* Try it: Please restate the records that follow word for word, omitting any images.

* Input data:
◇ ◇ ◇

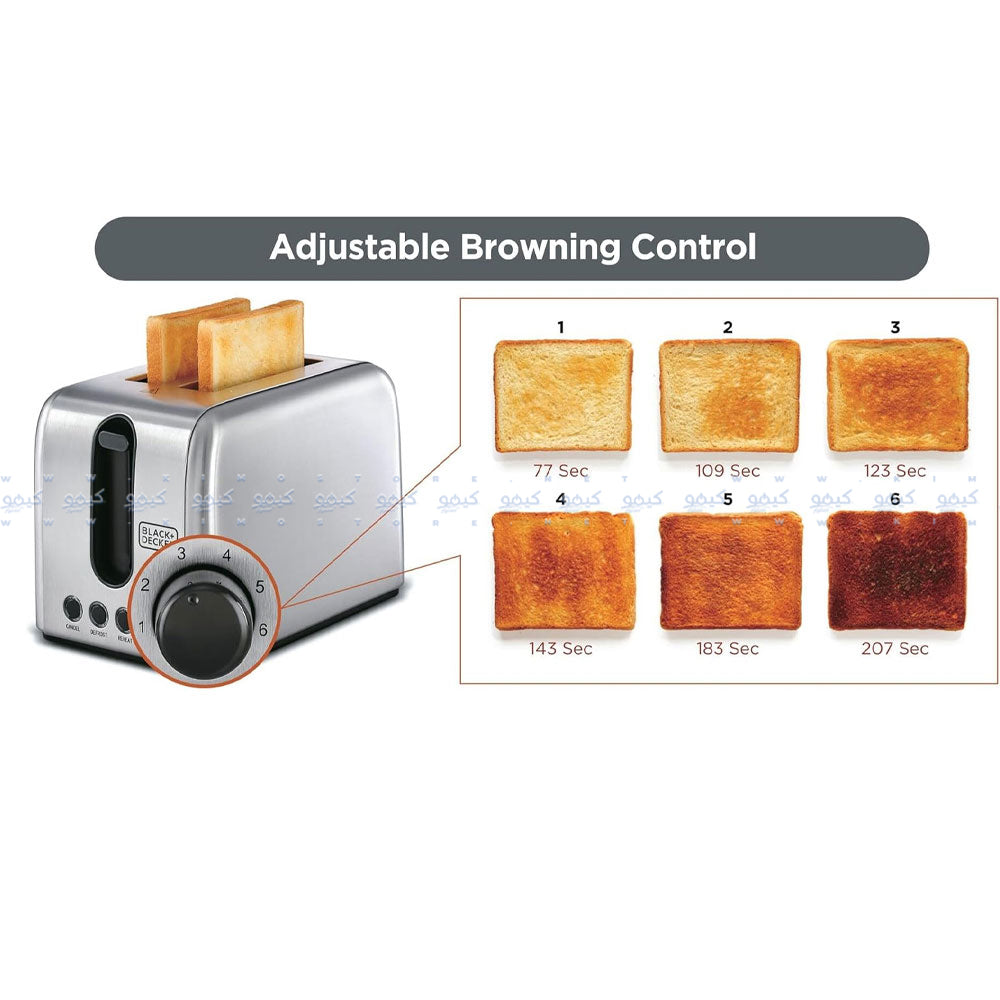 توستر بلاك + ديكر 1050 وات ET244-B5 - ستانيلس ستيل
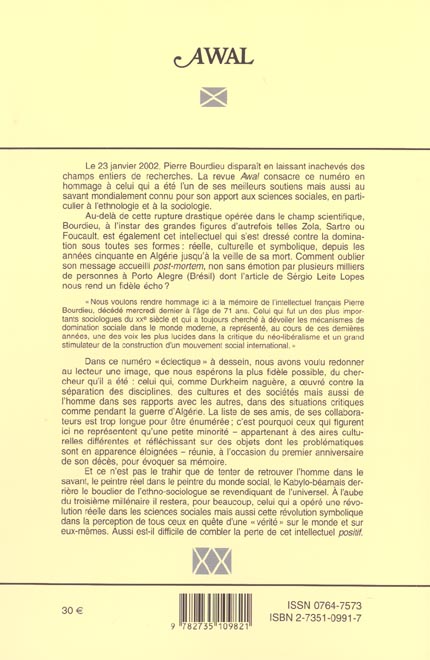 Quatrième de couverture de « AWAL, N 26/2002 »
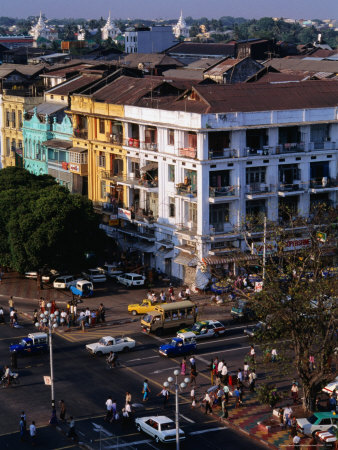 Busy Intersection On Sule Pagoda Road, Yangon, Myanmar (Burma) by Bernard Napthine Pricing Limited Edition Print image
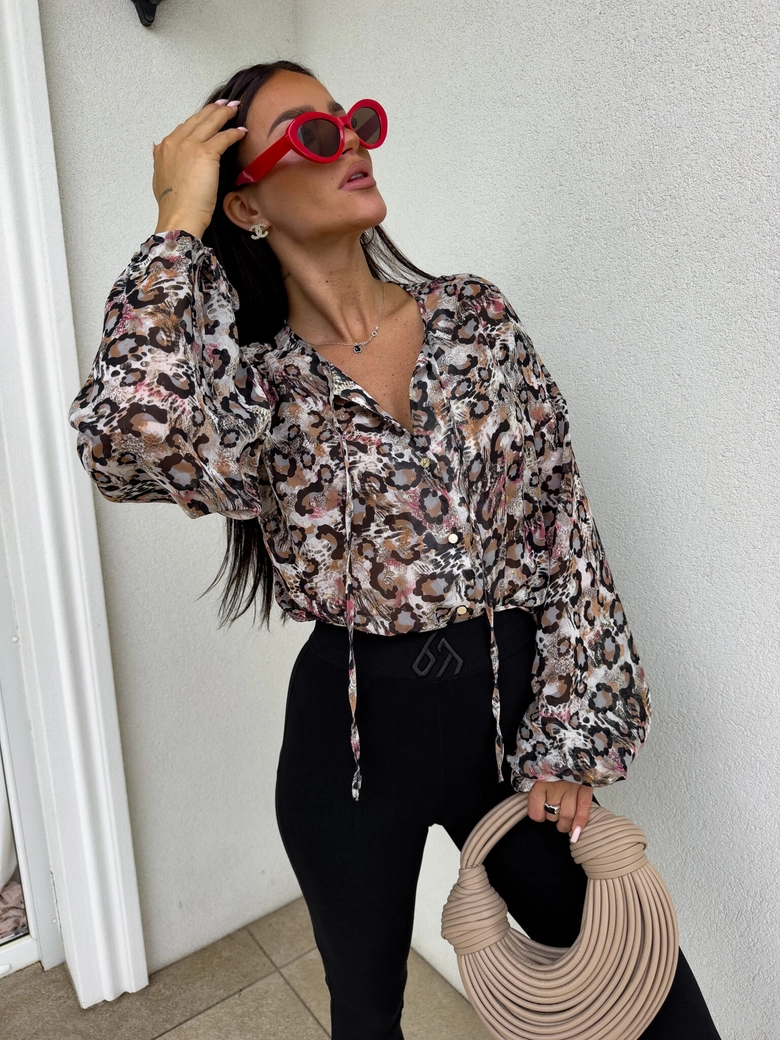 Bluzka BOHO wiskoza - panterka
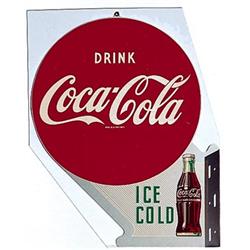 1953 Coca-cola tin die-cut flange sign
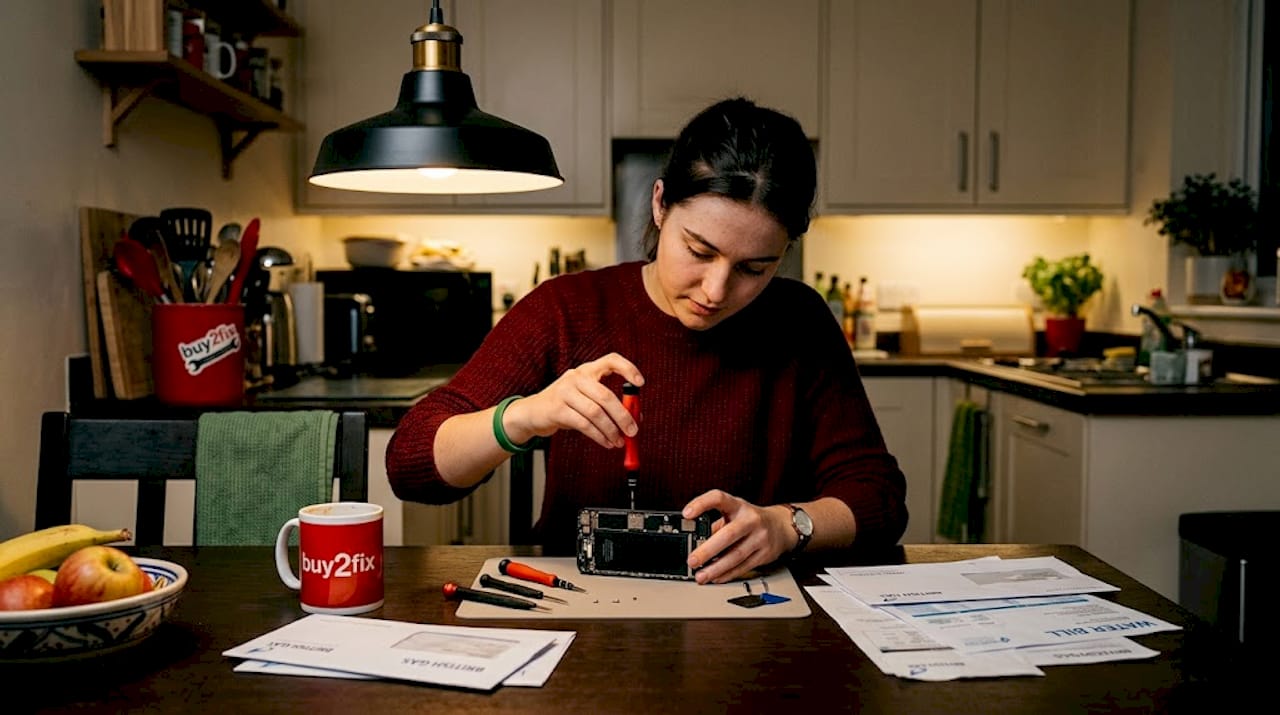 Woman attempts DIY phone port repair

◇ ◇ ◇

* Solution below:
 توستر بلاك + ديكر 1050 وات ET244-B5 - ستانيلس ستيل
 Quatrième de couverture de « AWAL, N 26/2002 »
 Busy Intersection On Sule Pagoda Road, Yangon, Myanmar (Burma) by Bernard Napthine Pricing Limited Edition Print image
 Bluzka BOHO wiskoza - panterka
 1953 Coca-cola tin die-cut flange sign
 Woman attempts DIY phone port repair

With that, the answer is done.